Earlier I posted about Basim, a baseball simulator I designed that simulates baseball games based on the stats of people in the lineups. My long term project has been to design a stat eWAR, empirical wins above replacement, that attempts to determine how good offensively a baseball player is by seeing how many runs lineups including them produce.
Recently, I put up a widget on the top right of the site that runs Basim simulations live every time you load the page. It randomly chooses two 2011 mlb teams from the same league and plays a game between them, the same way I simulate games to calculate eWAR.
I'll continue to work on it--eventually I'd like to set up a simulated baseball season, shown live on the blog--but for now I'm interested in feedback on how to improve it.
Known things that could be improved:
1) Groundouts and flyouts could be treated differently, with batters replacing runners on first on groundouts that don't turn into double plays.
2) The batting orders, roughly speaking, are the most frequently used lineups from the team from 2011, but this can have some weird consequences, like not using someone who is generally in the lineup because they switch spots frequently enough that no single lineup involving them has been used very much. So, some of the orders that I'm using aren't very good.
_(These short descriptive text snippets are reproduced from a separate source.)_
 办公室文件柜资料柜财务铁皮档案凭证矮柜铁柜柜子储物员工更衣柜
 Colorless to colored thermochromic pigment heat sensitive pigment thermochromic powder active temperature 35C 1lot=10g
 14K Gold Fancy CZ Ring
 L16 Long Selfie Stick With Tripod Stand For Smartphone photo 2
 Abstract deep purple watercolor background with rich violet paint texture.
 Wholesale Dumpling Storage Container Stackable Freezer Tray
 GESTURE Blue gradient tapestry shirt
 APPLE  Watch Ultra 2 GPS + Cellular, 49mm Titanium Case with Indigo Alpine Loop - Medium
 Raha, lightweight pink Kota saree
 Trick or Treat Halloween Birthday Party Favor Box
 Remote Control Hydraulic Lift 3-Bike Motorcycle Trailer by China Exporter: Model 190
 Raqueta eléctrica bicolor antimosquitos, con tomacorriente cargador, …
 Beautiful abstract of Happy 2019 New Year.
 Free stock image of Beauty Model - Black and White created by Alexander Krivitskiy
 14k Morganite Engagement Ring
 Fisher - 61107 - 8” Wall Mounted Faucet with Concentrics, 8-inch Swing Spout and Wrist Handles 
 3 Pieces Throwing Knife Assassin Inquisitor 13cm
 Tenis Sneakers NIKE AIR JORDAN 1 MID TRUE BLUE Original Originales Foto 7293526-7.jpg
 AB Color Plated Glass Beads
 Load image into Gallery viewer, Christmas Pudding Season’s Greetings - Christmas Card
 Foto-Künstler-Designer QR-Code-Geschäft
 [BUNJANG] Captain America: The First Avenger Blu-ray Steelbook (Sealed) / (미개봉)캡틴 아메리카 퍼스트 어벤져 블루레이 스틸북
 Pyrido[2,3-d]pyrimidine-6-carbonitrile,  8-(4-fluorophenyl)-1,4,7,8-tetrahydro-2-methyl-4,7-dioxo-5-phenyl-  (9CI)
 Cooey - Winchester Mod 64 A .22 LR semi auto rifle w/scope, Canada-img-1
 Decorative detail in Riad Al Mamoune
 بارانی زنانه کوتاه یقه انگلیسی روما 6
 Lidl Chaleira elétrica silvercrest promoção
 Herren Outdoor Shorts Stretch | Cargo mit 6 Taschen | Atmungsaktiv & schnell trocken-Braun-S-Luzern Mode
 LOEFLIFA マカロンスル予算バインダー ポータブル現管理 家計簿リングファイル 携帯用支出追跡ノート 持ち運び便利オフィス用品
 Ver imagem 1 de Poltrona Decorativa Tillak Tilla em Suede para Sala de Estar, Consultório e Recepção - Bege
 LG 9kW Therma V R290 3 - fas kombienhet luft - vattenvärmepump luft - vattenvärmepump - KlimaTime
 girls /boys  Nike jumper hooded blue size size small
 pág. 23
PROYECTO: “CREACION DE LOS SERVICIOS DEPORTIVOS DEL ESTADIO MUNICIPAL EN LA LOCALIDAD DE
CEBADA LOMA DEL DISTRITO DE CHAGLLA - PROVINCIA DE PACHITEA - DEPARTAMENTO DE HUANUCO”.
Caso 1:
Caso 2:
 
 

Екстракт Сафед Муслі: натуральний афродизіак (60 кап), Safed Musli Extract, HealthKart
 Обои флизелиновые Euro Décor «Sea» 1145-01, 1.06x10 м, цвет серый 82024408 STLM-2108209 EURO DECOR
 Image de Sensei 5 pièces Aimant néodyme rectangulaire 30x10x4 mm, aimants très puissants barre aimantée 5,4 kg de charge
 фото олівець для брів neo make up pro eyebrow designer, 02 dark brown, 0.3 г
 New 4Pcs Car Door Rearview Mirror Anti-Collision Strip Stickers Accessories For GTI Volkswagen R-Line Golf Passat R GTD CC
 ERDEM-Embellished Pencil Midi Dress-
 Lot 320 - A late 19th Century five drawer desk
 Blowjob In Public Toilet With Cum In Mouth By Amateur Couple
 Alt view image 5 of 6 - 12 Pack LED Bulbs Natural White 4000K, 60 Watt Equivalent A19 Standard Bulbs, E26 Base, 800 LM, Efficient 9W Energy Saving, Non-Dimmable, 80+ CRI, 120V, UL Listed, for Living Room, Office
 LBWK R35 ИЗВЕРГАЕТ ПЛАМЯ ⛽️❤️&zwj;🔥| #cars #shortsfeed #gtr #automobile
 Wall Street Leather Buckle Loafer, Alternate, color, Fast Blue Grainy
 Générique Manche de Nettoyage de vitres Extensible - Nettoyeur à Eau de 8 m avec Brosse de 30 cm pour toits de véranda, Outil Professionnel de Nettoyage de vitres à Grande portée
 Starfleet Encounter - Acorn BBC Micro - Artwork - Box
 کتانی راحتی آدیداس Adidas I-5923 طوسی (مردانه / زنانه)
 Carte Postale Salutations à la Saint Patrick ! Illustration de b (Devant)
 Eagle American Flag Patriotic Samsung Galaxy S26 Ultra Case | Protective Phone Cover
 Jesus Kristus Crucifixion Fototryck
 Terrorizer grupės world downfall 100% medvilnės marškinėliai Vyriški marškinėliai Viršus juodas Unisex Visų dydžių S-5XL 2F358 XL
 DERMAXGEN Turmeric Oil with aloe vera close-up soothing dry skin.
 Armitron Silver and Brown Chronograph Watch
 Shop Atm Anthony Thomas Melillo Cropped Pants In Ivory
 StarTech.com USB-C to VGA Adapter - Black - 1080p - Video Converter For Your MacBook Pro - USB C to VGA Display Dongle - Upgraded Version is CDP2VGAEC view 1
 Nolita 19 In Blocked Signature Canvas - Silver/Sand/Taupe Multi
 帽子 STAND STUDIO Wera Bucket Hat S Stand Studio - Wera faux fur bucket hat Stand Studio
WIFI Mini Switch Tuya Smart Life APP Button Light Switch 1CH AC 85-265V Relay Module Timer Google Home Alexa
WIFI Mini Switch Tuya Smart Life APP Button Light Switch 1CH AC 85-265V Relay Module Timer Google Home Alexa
To that extent, if you see a lineup that is not very representative of a team, tell me and I can change it. (There are also potential oddities where the lineup lists I'm reading from only use last names, so, for example, for a while the Pirates were using Donald McCutchen in their lineup instead of Andrew McCutchen.)
3) Right now people are always thrown out trying to take an extra base on 3% of balls put in play; if someone could find better player-by-player data for this, that'd be awesome.
Anyway, feel free to shoot me any comments you have. And in the mean time, I hope you spend as much time staring at text-based baseball games as I have.
Addendum: if you know a good way to synthesize pitcher stats with hitter stats to predict an at bat, I'm all ears; right now the approximation I'm thinking of using is to add up the deviations from average of the two statistics, though of course in the end what I really want to do is do a regression....